DIRECTIONS FOR THIS TASK
The answer must be the full listing, repeated word for word.

THE DATA
=== Section Start ===
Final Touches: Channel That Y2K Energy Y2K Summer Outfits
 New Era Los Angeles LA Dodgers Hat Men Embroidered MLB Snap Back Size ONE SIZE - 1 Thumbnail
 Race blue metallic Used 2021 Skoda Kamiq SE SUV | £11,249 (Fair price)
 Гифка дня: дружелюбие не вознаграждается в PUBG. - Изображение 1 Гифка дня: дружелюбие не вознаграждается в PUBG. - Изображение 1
=== Section End ===
RESPONSE FOR THIS EXERCISE
Final Touches: Channel That Y2K Energy Y2K Summer Outfits
 New Era Los Angeles LA Dodgers Hat Men Embroidered MLB Snap Back Size ONE SIZE - 1 Thumbnail
 Race blue metallic Used 2021 Skoda Kamiq SE SUV | £11,249 (Fair price)
 Гифка дня: дружелюбие не вознаграждается в PUBG. - Изображение 1 Гифка дня: дружелюбие не вознаграждается в PUBG. - Изображение 1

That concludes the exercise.